Del lungo articolo di John Lloyd sul giornalismo nei tempi di internet (su Repubblica, oggi) noto un paio di cose:
– la pretesa che non si possa affidarsi ai dilettanti dei blog per rinnovare il giornalismo somiglia alla tesi per cui i magistrati di Tangentopoli si sostituirono alla politica: è in parte vera, ma non la possono avanzare i giornalisti responsabili di essere stati scavalcati, come non era tollerabile che se ne lamentassero i politici causa del loro mal allora
– l’insistenza di discussioni sul “giornalismo” visto ancora secondo schemi superati dagli eventi è inevitabilmente perdente e si sopravvaluta. Quel “giornalismo” lì d’ora in poi sarà solo un pezzetto dei molti tipi di giornalismo e informazione che si faranno. Dire che il giornalismo da professionisti lo devono fare i professionisti è tautologico. Ci sono però molti giornalismi diversi che in questi anni sono stati esercitati da non giornalisti, e bene. Il discrimine, come sempre, non è il professionismo eventuale: è il fare le cose bene, o farle male.

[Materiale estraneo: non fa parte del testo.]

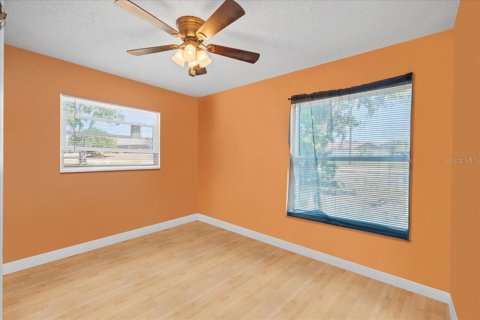 Casa en venta en Spring Hill, Florida, 4 dormitorios, 187.57 m2 № 1681913 - foto 21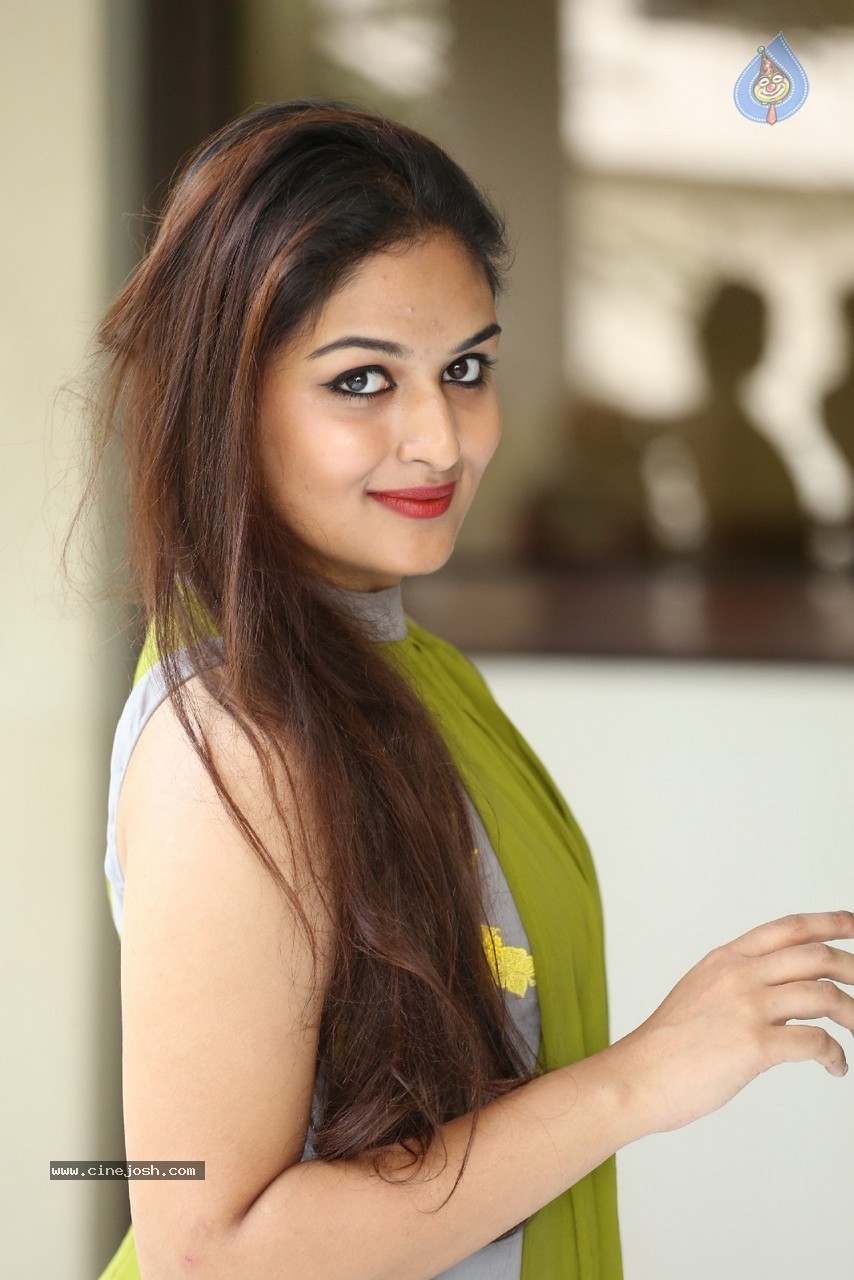 Prayaga Martin Stills - 9 / 54 photos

E conosco blog di persone che nella vita fanno altro che mantengono dei livelli di qualità e affidabilità di molto superiori di quelli di alcuni quotidiani
– la battuta conclusiva di Lloyd sarebbe indiscutibile e sacrosanta se fossimo nel 1998. Ma constatare che nel 2008 i giornalisti a cui Lloyd si rivolge devono ancora “scoprire come utilizzare i nuovi media, che al momento ci paiono una minaccia, e trasformarli in nostri alleati”, è piuttosto scoraggiante.